From the Director's Desk: Silicon Valley in Chicago

Chicago

When it comes to entrepreneurship, Silicon Valley is the absolute contender in the category in the U.S. Whereas A recent WIRED article brings up the question asking if Silicon Valley as the center of technology startup could ever be duplicated. How wide is the gap between the Silicon Valley and other startup ecosystems? Does Chicago have the potential to be the next innovation hub? If we take metropolitan area GDP growth and population size as two indicators of opportunity, Chicago, as the third largest city following New York and Los Angeles, generated 640.7 billion U.S. dollar GDP in 2015, which outbeat Washington DC(491.0B), Boston(396.5B) and Philadelphia(411.2B) in a roll, and is bested by Seattle(313.7B) only in the category of growth rate. Compared with Silicon Valley and the bigger Bay Area(785.5B), Chicago’s GDP was only about 5% smaller but the growth is considerably less. It is hard for Chi-town to beat the GDP growth rate in the Bay Area.

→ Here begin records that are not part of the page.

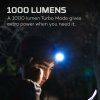 NEB HLP 0007 G EINSTEIN 1000 Web Infographic Lumens 27 scaled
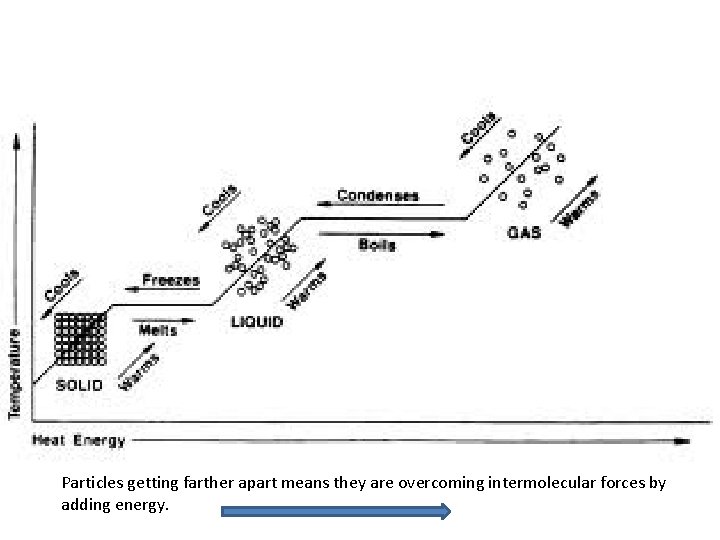 Particles getting farther apart means they are overcoming intermolecular forces by adding energy. 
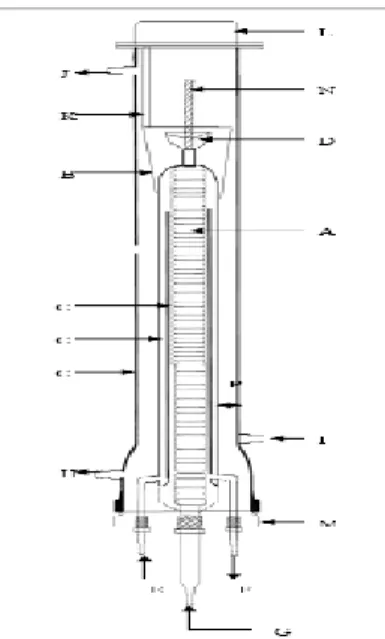 Fig. 1. Falling film column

The question is still thought provoking. While I do not perceive Chicago as anywhere near the opportunities in digital as does the valley at the moment, we should have a competitive posture for Chicago in clean tech industry and sectors such as fin tech and ag tech, as there are pockets of opportunity starting to bloom.

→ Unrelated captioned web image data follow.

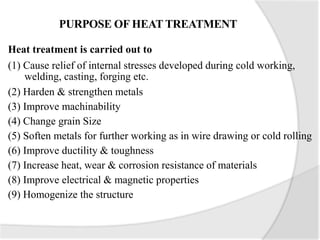 PURPOSE OF HEAT TREATMENT
Heat treatment is carried out to
(1) Cause relief of internal stresses developed during cold working,
welding, casting, forging etc.
(2) Harden & strengthen metals
(3) Improve machinability
(4) Change grain Size
(5) Soften metals for further working as in wire drawing or cold rolling
(6) Improve ductility & toughness
(7) Increase heat, wear & corrosion resistance of materials
(8) Improve electrical & magnetic properties
(9) Homogenize the structure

Steve and I are scheduled to visit mHUB, a maker like incubator on the North side of Chicago, and will give you an update after our session with them. We had a great meeting with Climate Corp, an ag-tech startup also on the North side of Chicago, which was recently acquired by Monsanto, a global modern agricultural biotech company, but allowed to continue to operate out of their Chicago headquarters.